A will is invalid if it is obtained through undue influence: which is mental or physical coercion that deprives the testator of her free will and substitutes the desires of another for hers. To establish undue influence, the contestant must show that: 1) influence was exerted on the testator 2) the effect of the influence was to overpower the mind and free will of the testator and 3) the product of the influence was a will that would not have been executed but for the influence --------------------------------- Usually proven by circumstantial evidence such as: 1) opportunity to exert influence 2) susceptibility of the testator due to age or physical condition 3) whether the beneficiary was active in procuring the will 4) whether the dispositions of the will provisions seem unnatural

Holographic Will

A will that is handwritten and signed by the testator but no witnesses. Valid if the signature and material provisions are in the testator's handwriting. If testator lacked "testamentary capacity" at any time during which the holographic will MIGHT HAVE been executed, the will is invalid unless it is shown that he had testamentary capacity.

Omitted Child

CA: protects children from being unintentionally omitted. If a decedent fails to provide for a child born or adopted after the execution of all of decedent's testamentary instruments, the child is to receive her intestate share of the decedent's property.

Support Trust

Cannot be assigned or reached without spendthrift clause

Mistakes of Omission in a Will

Cannot be corrected.

Constructive Trusts

Equitable remedy to prevent unjust enrichment. 1) theft or conversion 2) fraud, duress, undue influence, mistake, or interference with contract relations 3) breach of fiduciary duty 4) breach of fraudulent promise, promise by one in confidential relationship, promise concerning will or inheritance, promise to forgo foreclosure bid

Revocation by Written Instrument

Express REvocation: may be revoked in whole or in part by the express terms of a later will or codicil, whether or not the later will or codicil makes any disposition of property Implied Revocation: the terms of a subsequent instrument make an inconsistent disposition of property--the terms of the prior will are necessarily superseded or nullified

Ambiguities in Will

Extrinsic evidence is admissible to explain any ambiguity arising on the face of a will, as well as to resolve a latent ambiguity. 1) oral declaration at or around the time of execution will be admitted to show state of mint (from which intention can be interred) 2) declaration after execution are less likely because they may not accurately reflect the testator's intent at the time he actually executed the will.

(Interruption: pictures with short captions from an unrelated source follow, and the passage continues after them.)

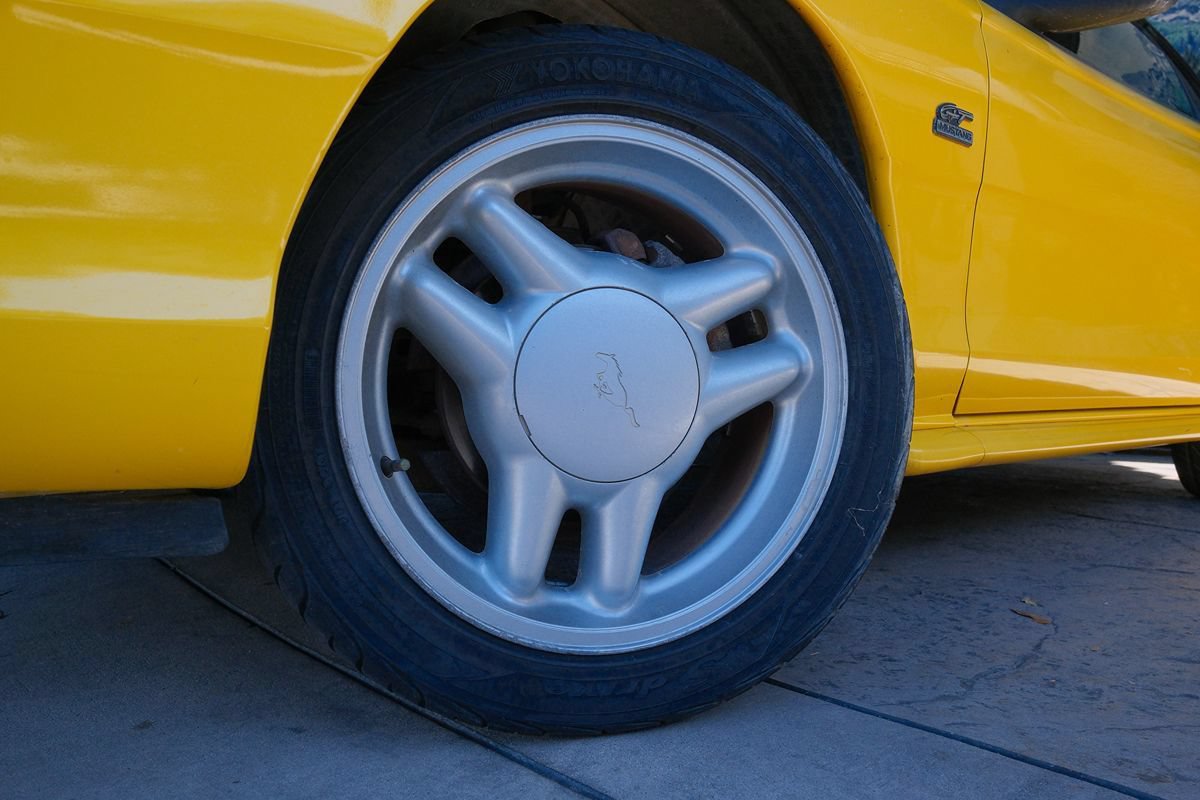 Used 1995 Ford Mustang GT RWD image 30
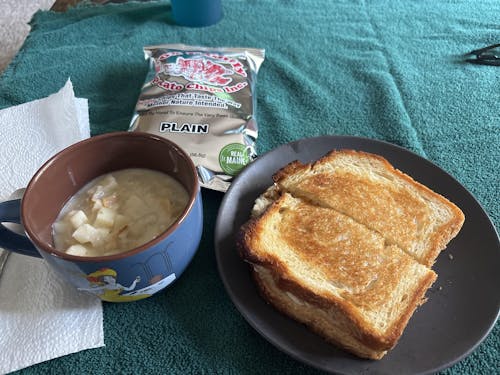 New England Clam Chowder - 16 oz.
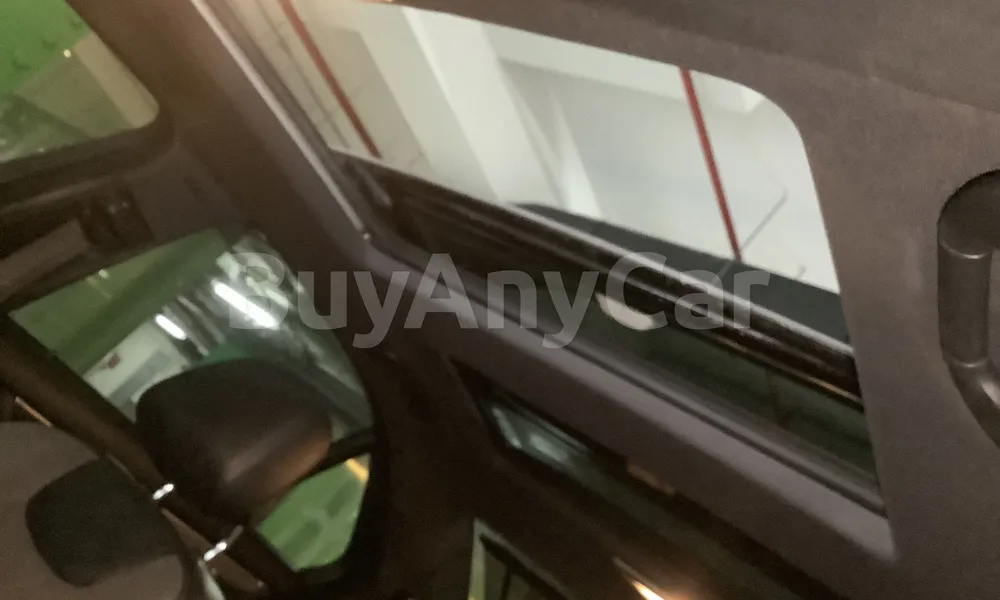 Vehicle photo 9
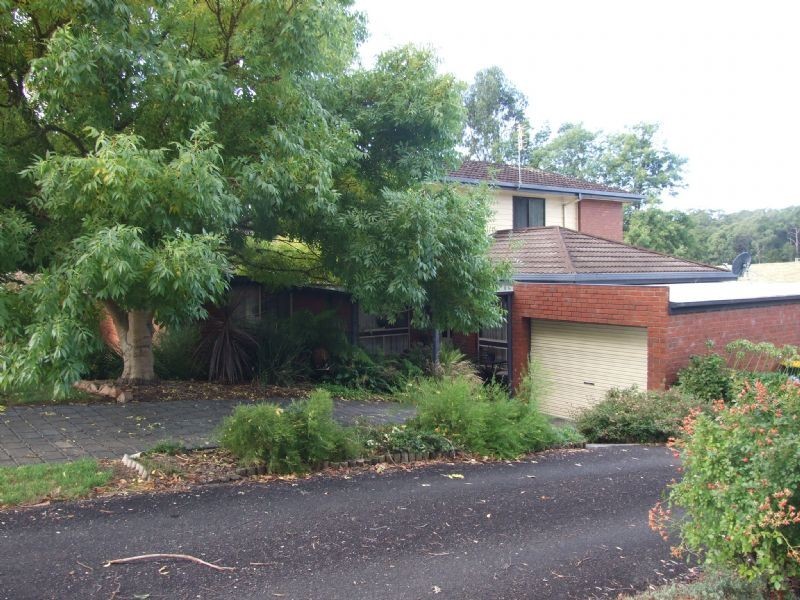 24 Balding Street, Mirboo North VIC 3871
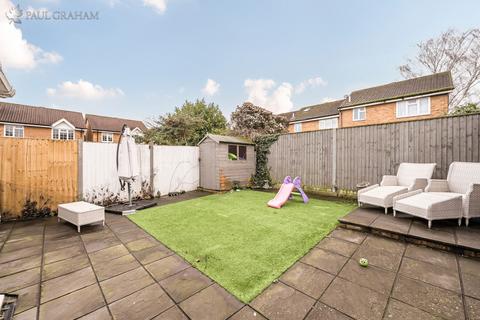 undefined, Groveside Close, Carshalton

Death of devisee or legatee

When a devisee or legatee dies after the testator executes his will but before the testator dies, the gift lapses. The failed gift, in the absence of a contrary provision, falls into the residue. If there is no residuary estate, the failed gift passes by intestate succession.

Ademption

When specifically bequeathed property is not in the testator's estate at death, the bequest is deemed; it fails. *doesn't apply to general or demonstrative legacies, only specific devises and bequests.